Beech, who thought highly of this apple, traces McLellan to Woodstock, Connecticut about the time of the Revolutionary War. There are published reports of this variety under that name at least as early as 1851, when General George McClellan was in his 20s and still an army captain.

The apple had several names, all but one ("Martin") a variant, including "McClellan," the General's actual name.

My samples may have been a little past their peak for picking and eating.

2 comments:

  1. The following is from Page one of the Records of Isaac McClellan (excerpts from records of Mary Harris Stratton):

    "ISAAC McCLELLAN is thought to be the first of his family to come to this country. Mrs. W.C. (Alberta Alexander) Taylor, his great granddaughter, says he came from the Old Country, Scotland, she thinks, and she did not know whether he married before or after coming to this country. She said that tradition says that he brought apple seed (or sprout) with him of a yellow June apple, and it was known as the "McClellan Apple." All of the family had trees and she said that she had one.

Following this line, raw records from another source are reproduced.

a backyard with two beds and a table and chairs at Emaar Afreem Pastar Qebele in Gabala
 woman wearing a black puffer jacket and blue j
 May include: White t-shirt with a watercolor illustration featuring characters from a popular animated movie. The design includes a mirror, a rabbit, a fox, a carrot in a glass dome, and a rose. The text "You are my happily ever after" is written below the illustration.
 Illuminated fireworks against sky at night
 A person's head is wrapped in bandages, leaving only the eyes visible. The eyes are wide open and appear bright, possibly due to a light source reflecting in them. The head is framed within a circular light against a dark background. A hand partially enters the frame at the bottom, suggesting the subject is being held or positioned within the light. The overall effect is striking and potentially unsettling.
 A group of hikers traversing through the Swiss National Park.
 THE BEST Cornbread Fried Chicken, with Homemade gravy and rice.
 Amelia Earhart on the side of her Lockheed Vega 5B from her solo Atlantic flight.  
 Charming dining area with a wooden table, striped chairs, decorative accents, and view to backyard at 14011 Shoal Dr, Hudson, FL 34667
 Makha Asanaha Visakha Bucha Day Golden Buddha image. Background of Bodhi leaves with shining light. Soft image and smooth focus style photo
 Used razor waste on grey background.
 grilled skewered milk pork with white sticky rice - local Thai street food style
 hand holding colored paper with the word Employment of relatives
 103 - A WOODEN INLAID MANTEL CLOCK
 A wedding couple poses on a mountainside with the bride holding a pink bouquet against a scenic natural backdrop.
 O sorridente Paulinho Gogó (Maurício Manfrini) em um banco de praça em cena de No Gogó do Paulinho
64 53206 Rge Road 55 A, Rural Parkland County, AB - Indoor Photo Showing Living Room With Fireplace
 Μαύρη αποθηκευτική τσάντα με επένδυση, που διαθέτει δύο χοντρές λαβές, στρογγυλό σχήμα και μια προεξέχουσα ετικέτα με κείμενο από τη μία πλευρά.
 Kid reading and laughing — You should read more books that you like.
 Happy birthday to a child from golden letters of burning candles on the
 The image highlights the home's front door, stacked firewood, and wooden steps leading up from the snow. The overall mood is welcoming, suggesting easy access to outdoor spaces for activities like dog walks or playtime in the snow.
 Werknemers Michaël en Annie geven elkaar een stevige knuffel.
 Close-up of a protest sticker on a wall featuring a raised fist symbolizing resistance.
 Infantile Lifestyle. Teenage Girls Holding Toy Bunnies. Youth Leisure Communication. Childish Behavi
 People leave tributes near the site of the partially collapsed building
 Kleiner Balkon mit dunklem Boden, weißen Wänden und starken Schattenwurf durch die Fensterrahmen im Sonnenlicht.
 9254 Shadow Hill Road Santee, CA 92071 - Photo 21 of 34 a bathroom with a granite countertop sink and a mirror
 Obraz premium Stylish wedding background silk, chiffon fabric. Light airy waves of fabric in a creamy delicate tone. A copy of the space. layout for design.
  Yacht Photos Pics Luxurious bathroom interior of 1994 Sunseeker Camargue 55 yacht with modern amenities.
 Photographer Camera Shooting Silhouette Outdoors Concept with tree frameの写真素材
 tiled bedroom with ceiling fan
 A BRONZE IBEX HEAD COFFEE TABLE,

    "This information was given to Mary Harris Stratton by Mrs. Taylor shortly before her death March 29, 1959, age 88 years.

    "Isaac McClellan was veteran of the War of 1812, and Miss Maggie Barnhardt, a great-great granddaughter, had a proven record of this."

    Isaac McClellan’s name is found in Sketches of the Olivers by Col. Hugh R. & Margaret T. Oliver, page 95, where he is listed as a witness on a military paper for John Oliver of Cades Cove, Tennessee. We have no proof that this is the same Isaac McClellan, but considering where each lived, and that each served in the War of 1812, we believe it is our Isaac McClellan who knew and served with our John Oliver. They lived "over the mountain" apart.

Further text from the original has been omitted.